Aside from her performance, the film is a wonderful tangle of certainty, doubt, self-righteousness, faith, tradition chafed by modernity and gender politics. I loved the moral ambiguities, particularly after a scene between Sister Aloysius and the mother of one of her students - what surprised me the most, I think, in that scene between Mrs. Miller (whose son Father Flynn is suspected of mistreating) and Sister Aloysius is Sister Aloysius's reaction to what Mrs. Miller acknowledges regarding her son's nature. I would have expected the traditional Sister Aloysius to express horror and disapproval at Mrs. Miller's veiled admission, but instead, her wrath remains focused squarely on Father Flynn. She even seems sympathetic toward both the boy (who suffers his father's beatings) and Mrs. Miller for the plight they're in - but not sympathetic enough to stand aside and let Father Flynn take advantage of him, which she firmly believes he is doing. All in all, I really enjoyed it.

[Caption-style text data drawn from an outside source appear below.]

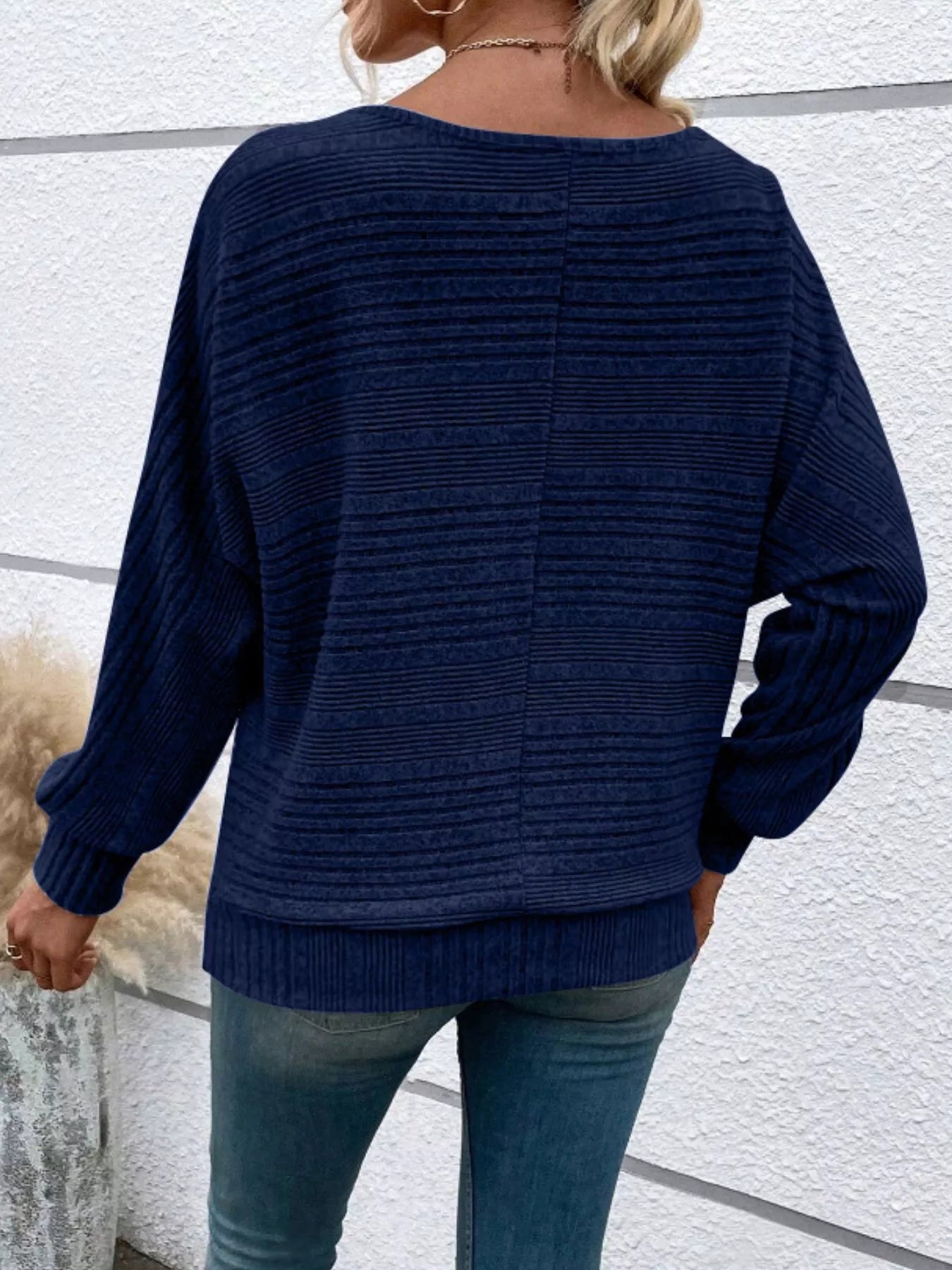 Ribbed Round Neck Long Sleeve Top by Trendsi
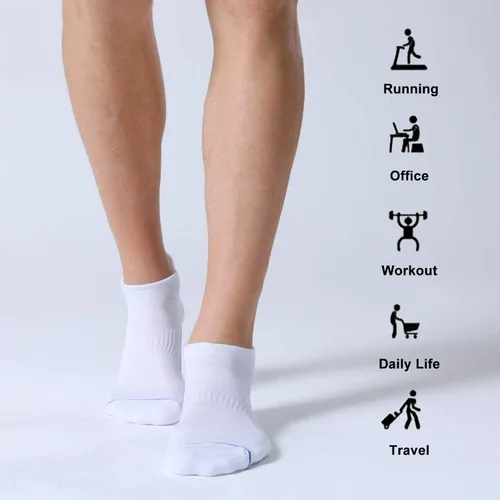 Vista 7 de FITRELL Men's 6 Pack Ankle Running Socks Low Cut Cushioned Athletic Sports Socks 7-99-1212-15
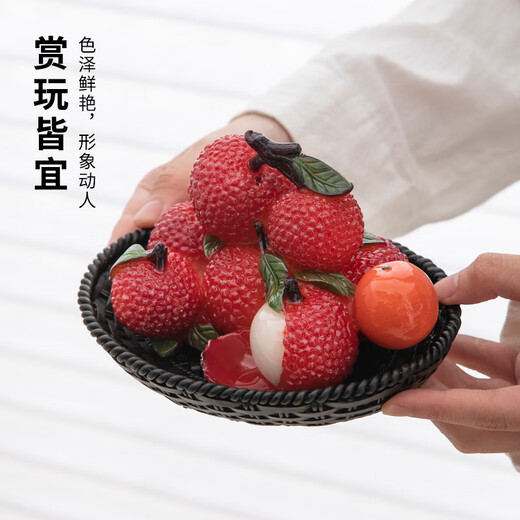 Rentang (RENTANG) fun watering color-changing lychee tea pet ornaments boutique can be used to grow tea and play tea sets accessories tea table tea table creative ornaments warm-changing lychees (2 pieces)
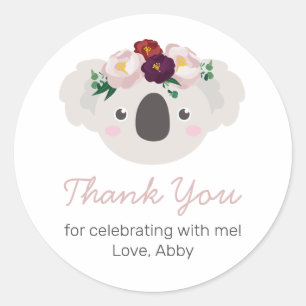 Autocollant rond fleuri Koala Boho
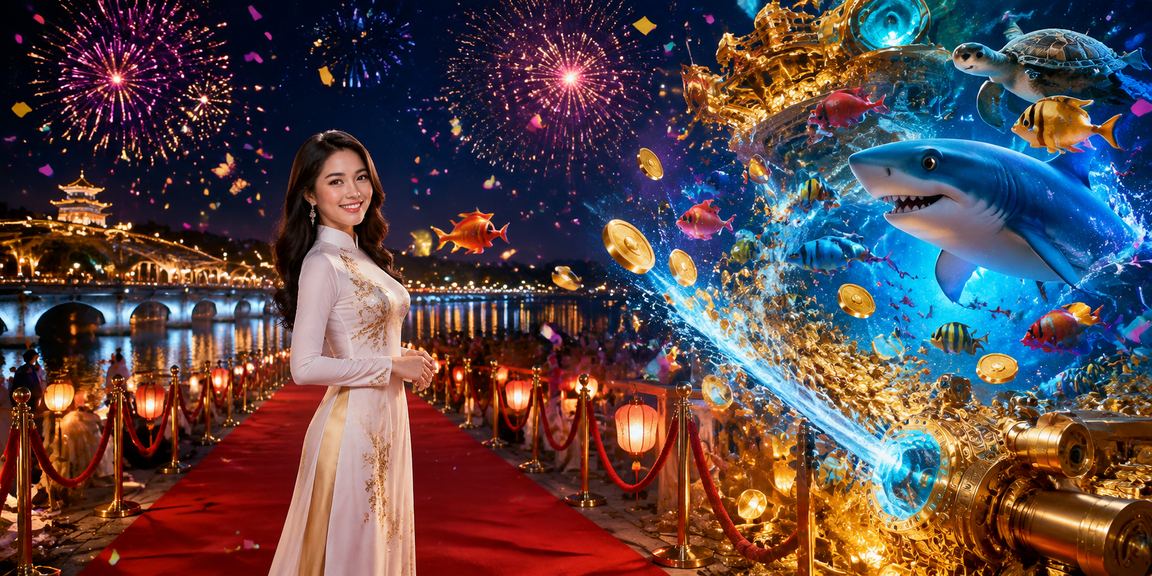 Không khí lễ hội casino và cá cược tại Huế với đèn lồng và sắc màu truyền thống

oo4. Over the last week I've managed to zoom through Battlestar Galactica episodes 3x06-3x20, and I'm now up to 4x05. What is that, 15 episodes? (my brain is very full right now) I haven't seen Razor or any of the webisodes yet, however slowly but surely I am catching up! I sort of wish that I hadn't given up after "Collaborators" two years ago because while the first handful of S3 episodes just about killed off most of my already-waning BSG-love, if I'd stuck around until "Torn," I probably would have remained in the fold for a while longer.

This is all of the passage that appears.